Aussi le patriarche Cérularius a-t-il pris une autre méthode, pour trouver les deux espèces dans cet office; et M. de la Roque produit avec moi un passage de ce patriarche, dans l'ouvrage que nous venons de citer, où il dit, qu'on met le pain saint présanctifié, et auparavant devenu parfait, c'està-dire déjà consacré, dans le calice mystique; et ainsi le vin qui y est, est changé au sacré sang du Seigneur; et l'on croit qu'il y est changé, sans qu'on ait dit sur ce vin, de l'aveu de ce patriarche et de M. de la Roque, aucune des oraisons mystiques et sanctifiantes; par où il paroît clairement que Michel Cérularius ne mettoit pas la communion des deux espèces dans l'infusion, qu'on fait à présent parmi les Grecs, de quelques gouttes de sang sur un pain consacré.

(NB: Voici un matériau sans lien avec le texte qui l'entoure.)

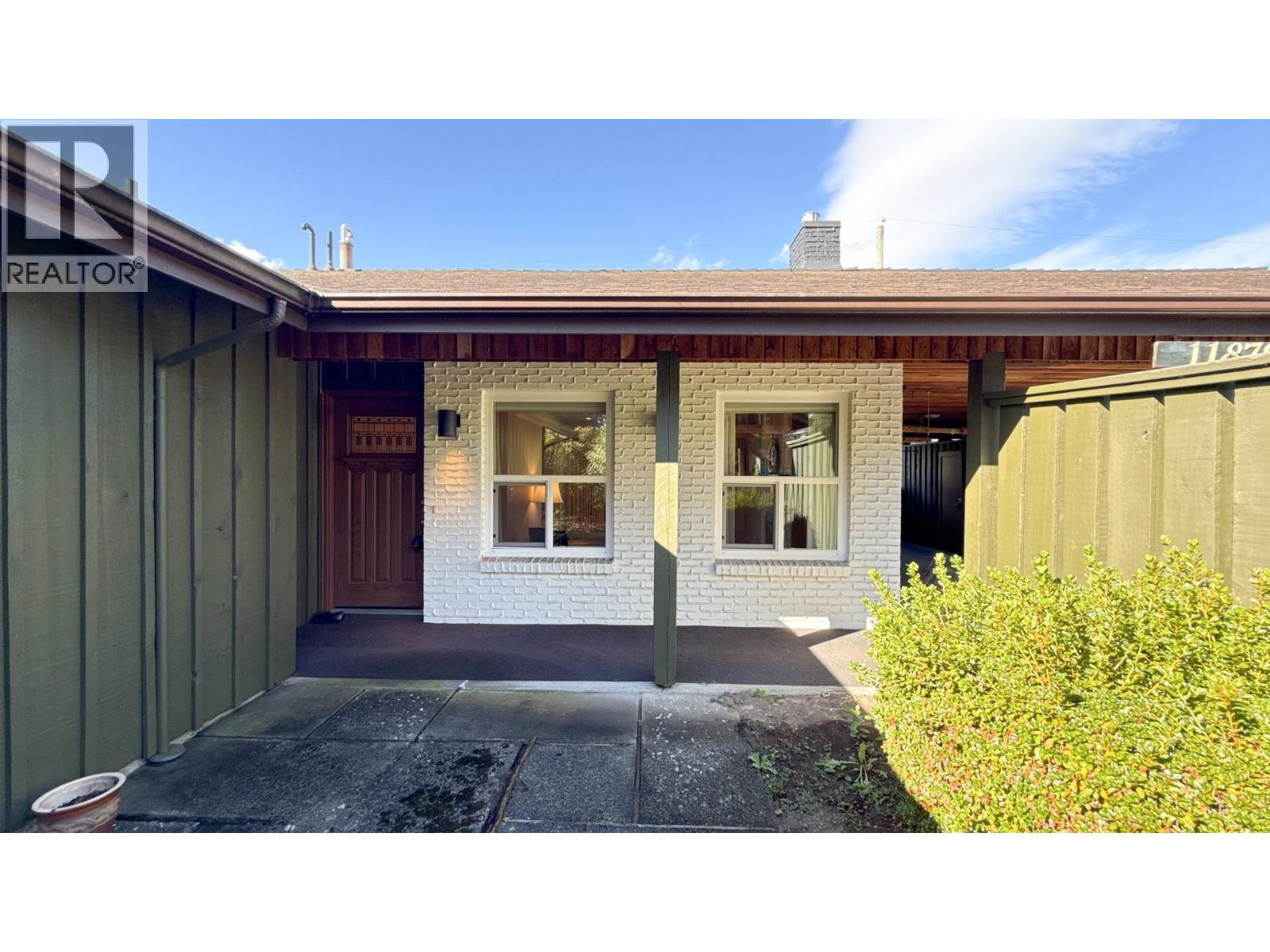 11879 220 Street, Maple Ridge, British Columbia  V2X 5P9 - Photo 4 - R3053013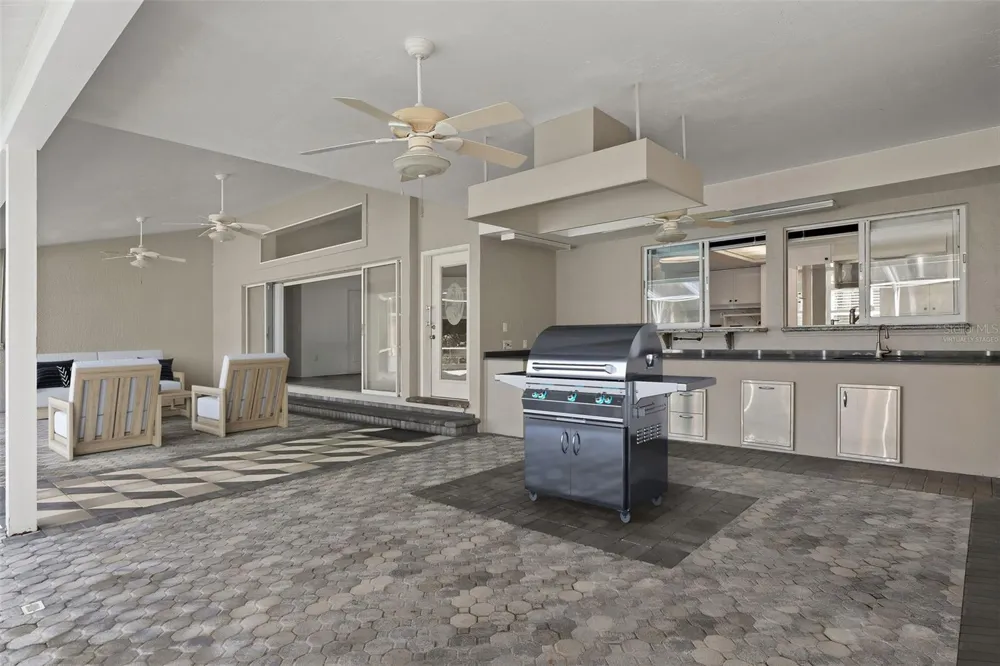 35 CAPTAINS COVE ROAD Inglis, FL 34449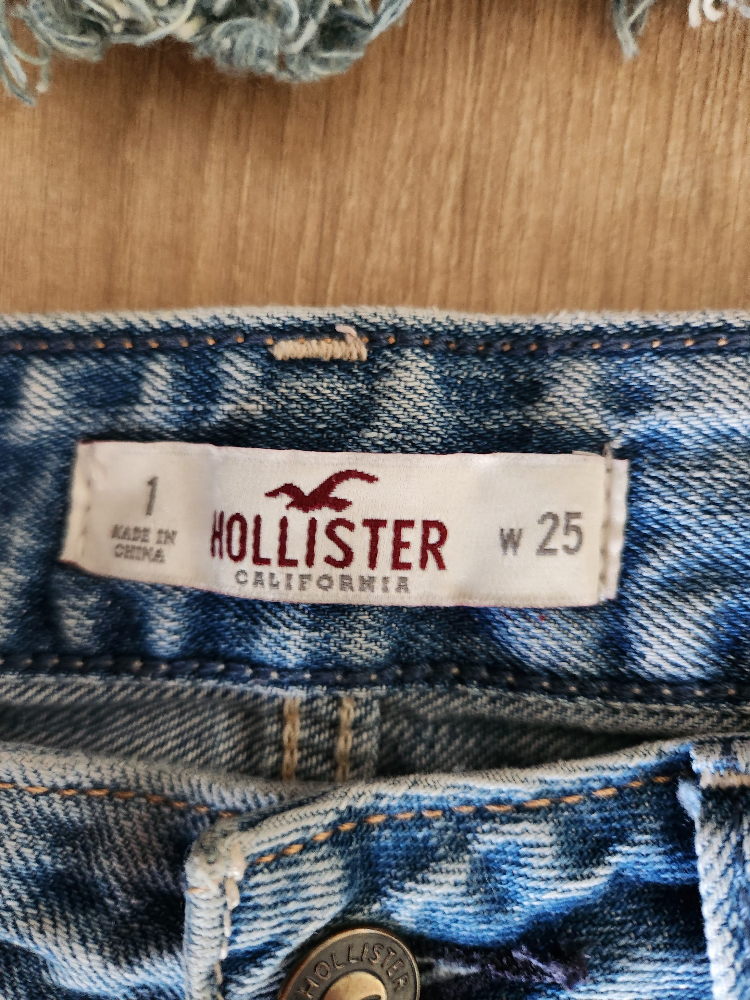 Hollister Women’s Shorts Size 24 W, 25 image indicator(3)
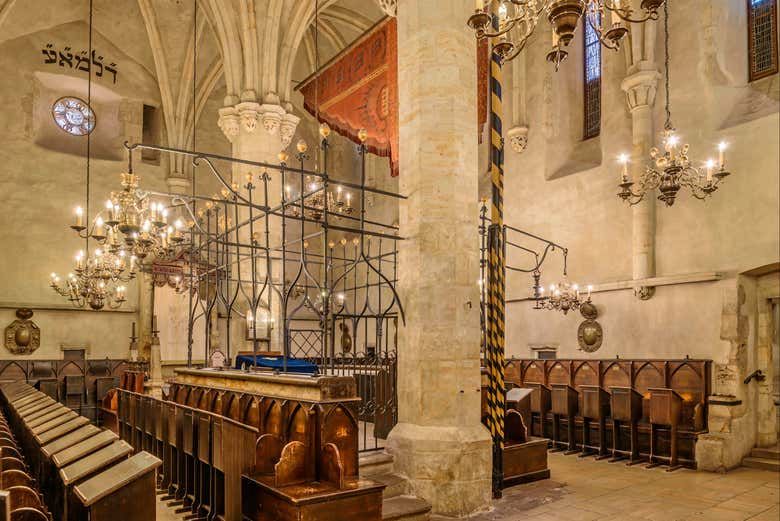 Intérieur de la synagogue vieille-nouvelle de Prague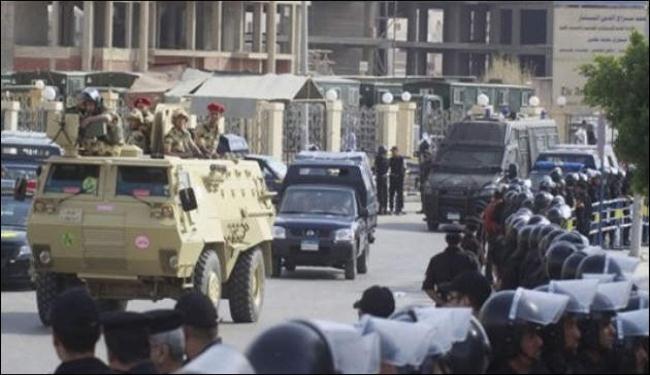 الجيش المصري ينتشر في سيناء استعدادا لشن هجوم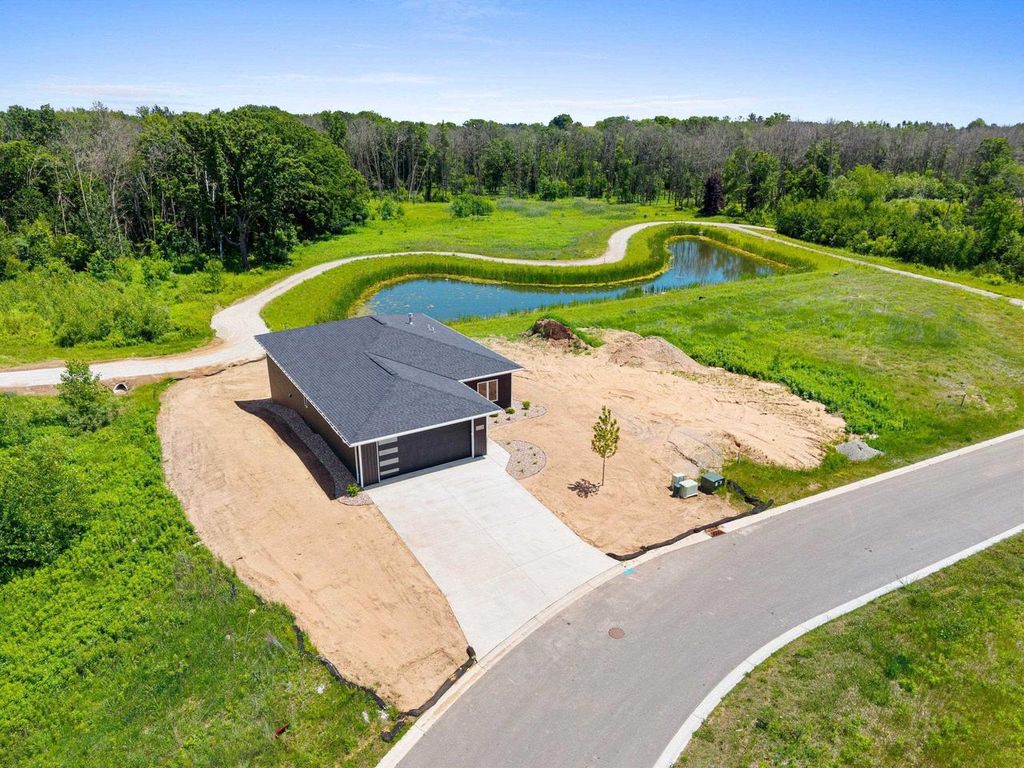 Photo of 4001 Antwerp AVENUE, Howard, WI 54313 (MLS # 50328161)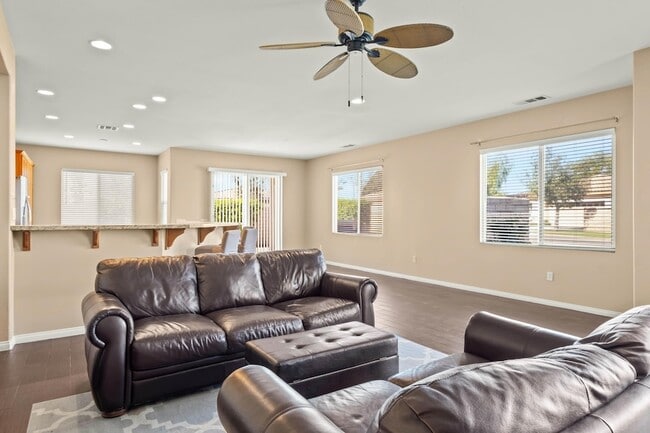 82013 Cochran Dr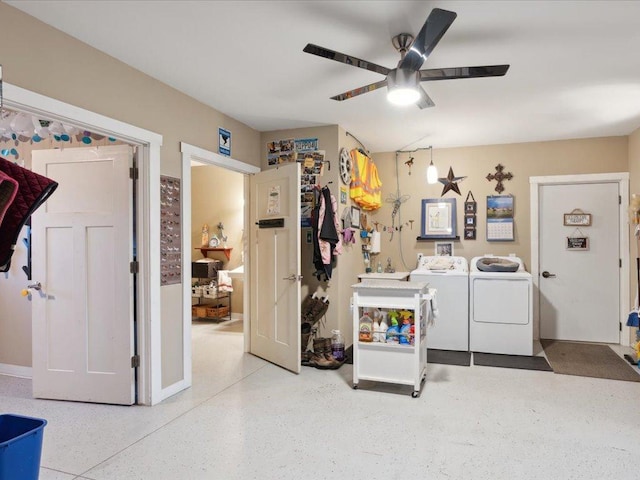 laundry room featuring independent washer and dryer and a ceiling fan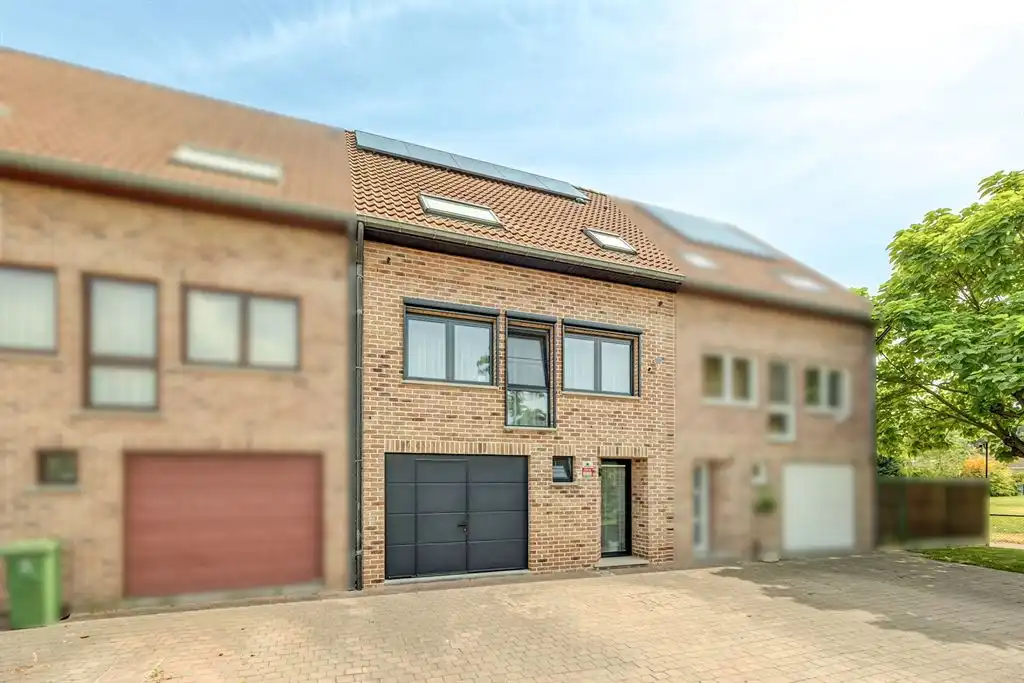 Perfect onderhouden en instapklare split-level woning foto {{pictureIndex}}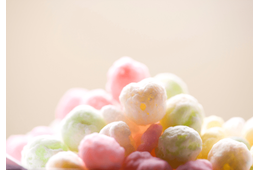 孫に仕送りする祖母　孫「今回はひなあられかな」⇒まさかの間違えに「祖母には今でも秘密」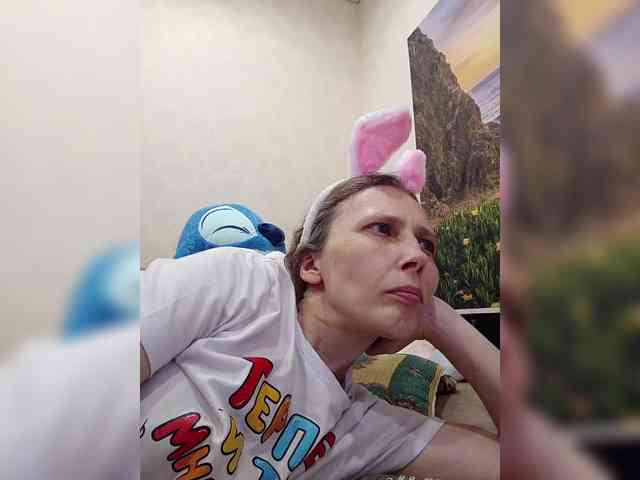 -Queen-Margo- webcam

De dire qu'il la faille mettre dans la consécration du vin, qui se feroit par le mélange du corps, c'est ce que nous détruirons bientôt par des raisons si démonstratives, que j'espère qu'il n'y aura aucune réplique; observant seulement, en attendant, que le premier qui ait écrit que le vin est changé au sang par le mélange du corps, est le patriarche Michel, environ en l'an 1050 de notre Seigneur, sans que M. de la Roque, qui nous vante ici l'antiquité grecque et latine, ait pu nommer un seul auteur ni grec ni latin qui ait dit la même chose avant ce temps.

Et sans aller plus avant ni approfondir davantage la question, on voit déjà l'absurdité de cette doctrine; puisque par une telle imagination le patriarche Michel détruit l'office des présanctifiés qu'il avoit dessein d'établir. Car cet office consiste à donner sans consécration les mystères déjà consacrés dans le sacrifice précédent. M. de la Roque en est convenu, comme on l'a vu; et c'est même la définition qu'il nous a donnée de cet office, disant en termes formels, qu'on l'appelle l'office ou la liturgie des dons présanctifiés, à cause qu'on n'y faisoit pas de NOUVELLE CONSECRATION. Or, pour conserver cette notion des mystères présanctifiés, il ne falloit non plus consacrer le sang que le corps, et l'on ne voit pas comment la consécration de l'un s'accommodoit mieux celle de l'autre à la sainte tristesse du que jeûne; outre qu'on ne voit aucun exemple dans toute l'histoire ecclésiastique, où l'on ait jamais consacré une des espèces de l'Eucharistie, sans en même temps consacrer l'autre. C'est donc une illusion contraire à toute la tradition, et contraire en particulier au dessein des présanctifiés, que de s'imaginer ici la consécration du vin par mélange du pain consacré; et M. de la Roque, qui croit se sauver par une si mauvaise défaite, se contredit ouvertement lui-même.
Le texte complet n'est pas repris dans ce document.